(WHAT NEEDS TO BE DONE) Beginning at the line that holds "楽天市場】ヒールクリーク キャディバッグ（バッグ・ケース｜ゴルフ", transcribe each line exactly through the end of the records, and leave any pictures out.

BEGIN DATA FOR ANALYSIS

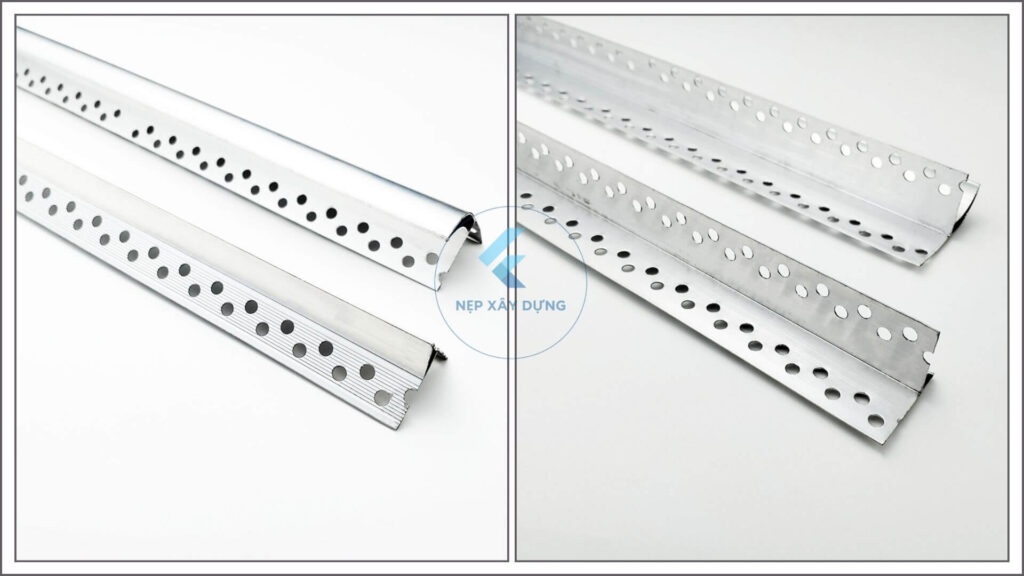 Hình ảnh nẹp cắt nước mưa trên dưới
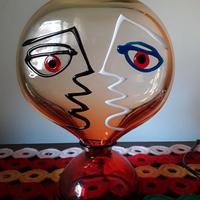 Scultura in vetro di Murano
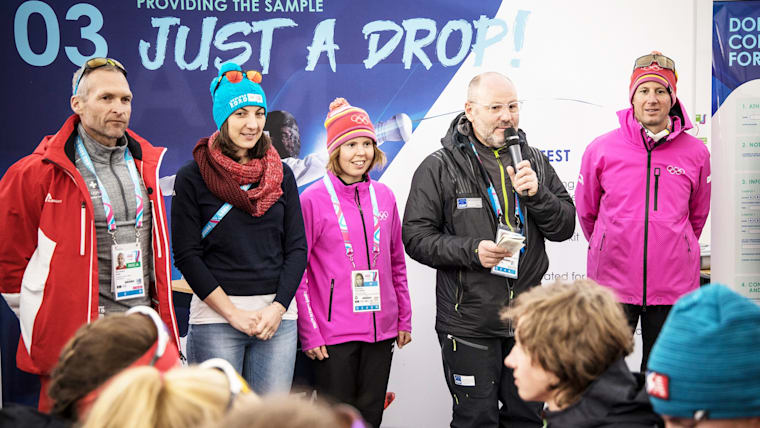 Keeping sport real at the YOG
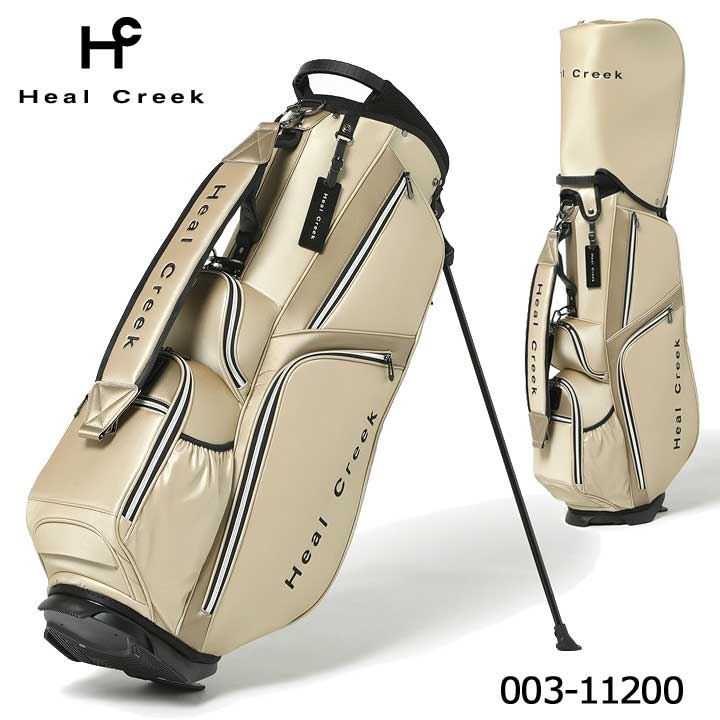 楽天市場】ヒールクリーク キャディバッグ（バッグ・ケース｜ゴルフ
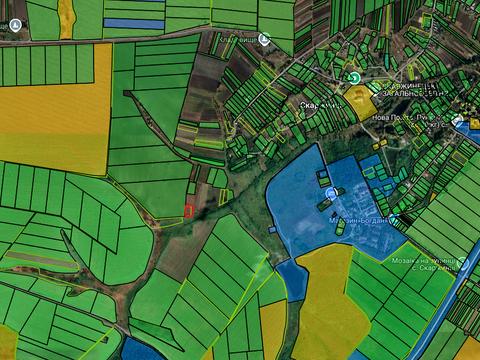 ділянка за адресою Захисника Вітчизни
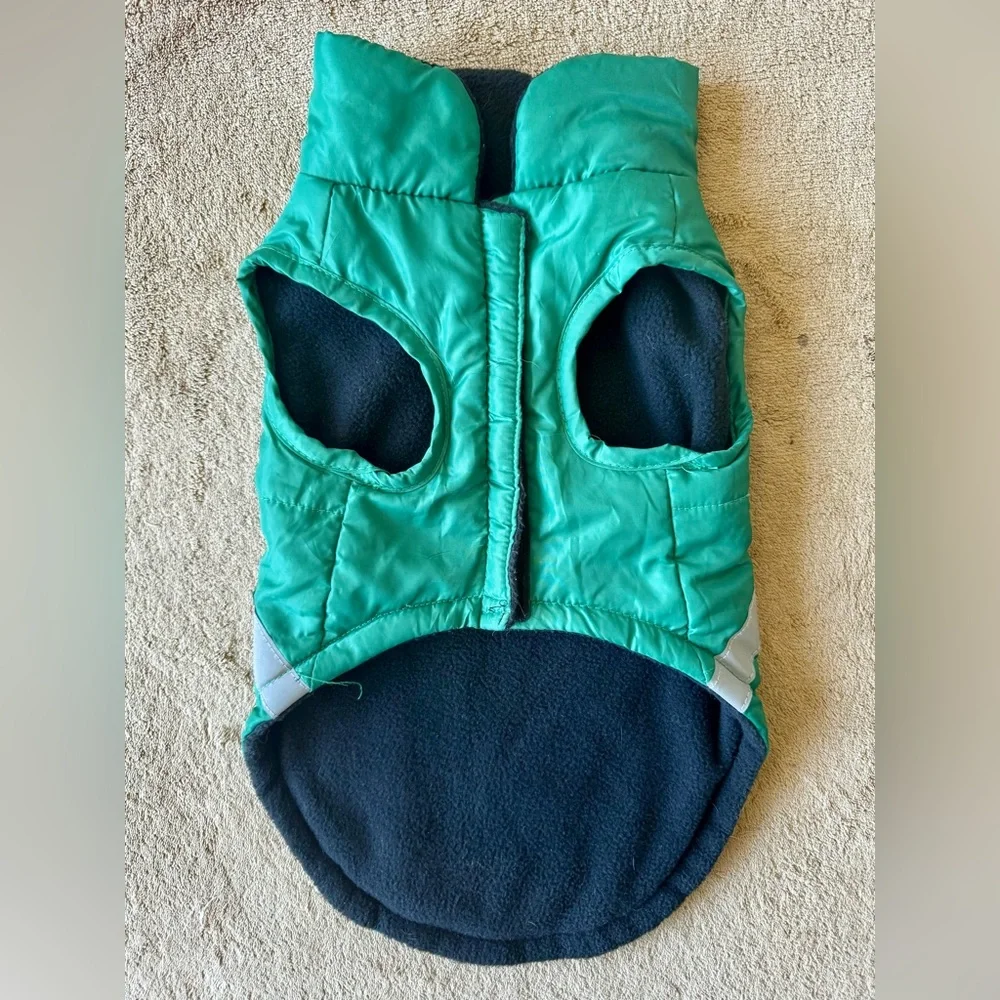 Green Bay Packers Dog Coat - Picture 2 of 4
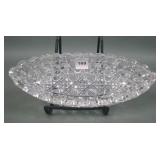 American Brilliant Cut Crystal Relish Tray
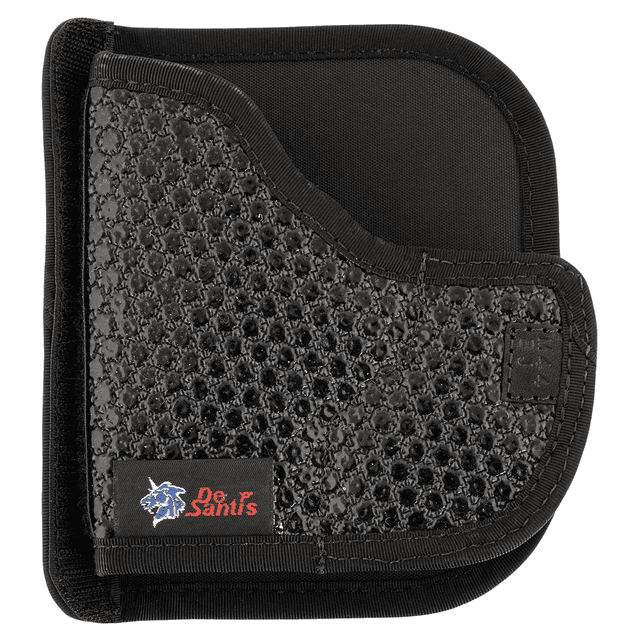 DeSantis Gunhide M44BJ8JZ0 Super Fly Black Rubberized Fabric Pocket Fits Sig P365 Ambidextrous DeSantis Gunhide M44BJ8JZ0 Super Fly Black Rubberized Fabric Pocket Fits Sig P365 Ambidextrous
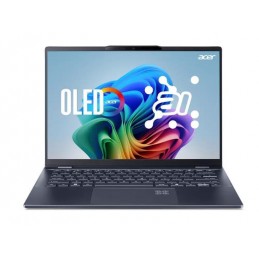 Notebook|ACER|Swift|14 AI|SF14-51-58Y0|CPU Core Ultra|u5-226V|2100 MHz|14"|1920x1200|RAM 16GB|LPDDR5x|SSD 512GB|Intel Arc|Integr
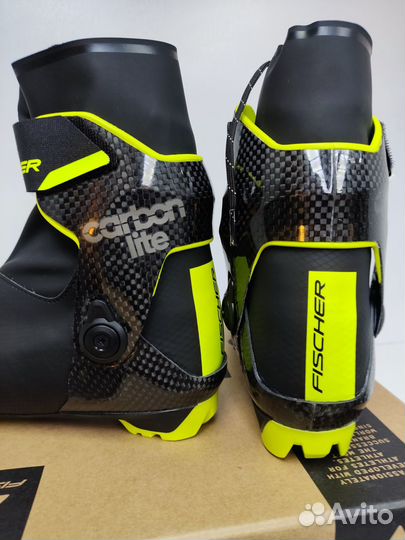 Лыжные ботинки Fisher Carbonlite Skate
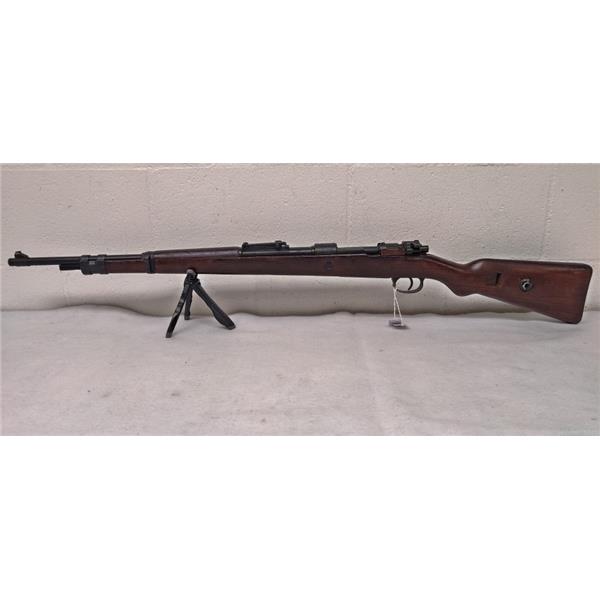 Other Model 8x57 JRS (8mm Mauser) Mauser German Dou K98 WWII Bolt Action Rifle 8mm 1943 24" Barrel 24 inch " barrel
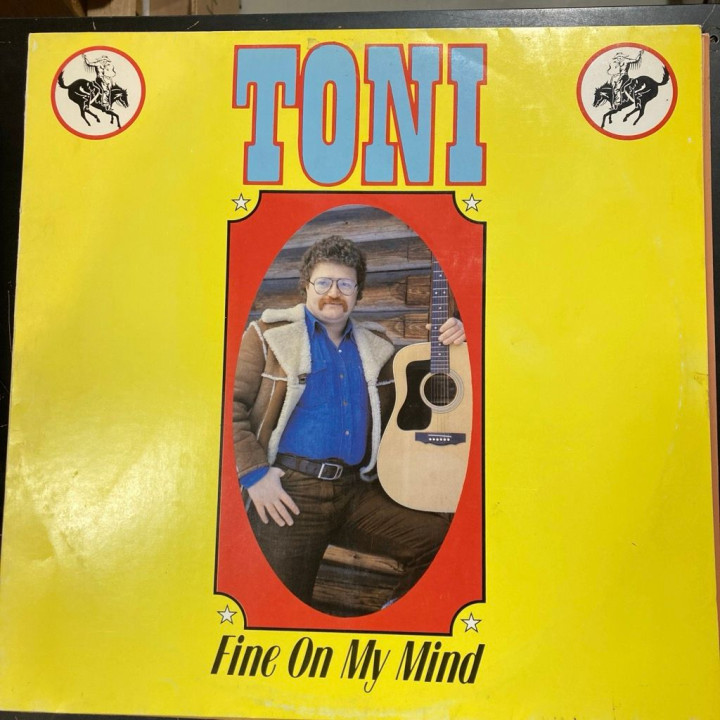 Toni - Fine On My Mind (FIN/1980) LP (VG+/VG+) -country-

END DATA FOR ANALYSIS

(YOUR SOLUTION)
 楽天市場】ヒールクリーク キャディバッグ（バッグ・ケース｜ゴルフ
 ділянка за адресою Захисника Вітчизни
 Green Bay Packers Dog Coat - Picture 2 of 4
 American Brilliant Cut Crystal Relish Tray
 DeSantis Gunhide M44BJ8JZ0 Super Fly Black Rubberized Fabric Pocket Fits Sig P365 Ambidextrous DeSantis Gunhide M44BJ8JZ0 Super Fly Black Rubberized Fabric Pocket Fits Sig P365 Ambidextrous
 Notebook|ACER|Swift|14 AI|SF14-51-58Y0|CPU Core Ultra|u5-226V|2100 MHz|14"|1920x1200|RAM 16GB|LPDDR5x|SSD 512GB|Intel Arc|Integr
 Лыжные ботинки Fisher Carbonlite Skate
 Other Model 8x57 JRS (8mm Mauser) Mauser German Dou K98 WWII Bolt Action Rifle 8mm 1943 24" Barrel 24 inch " barrel
 Toni - Fine On My Mind (FIN/1980) LP (VG+/VG+) -country-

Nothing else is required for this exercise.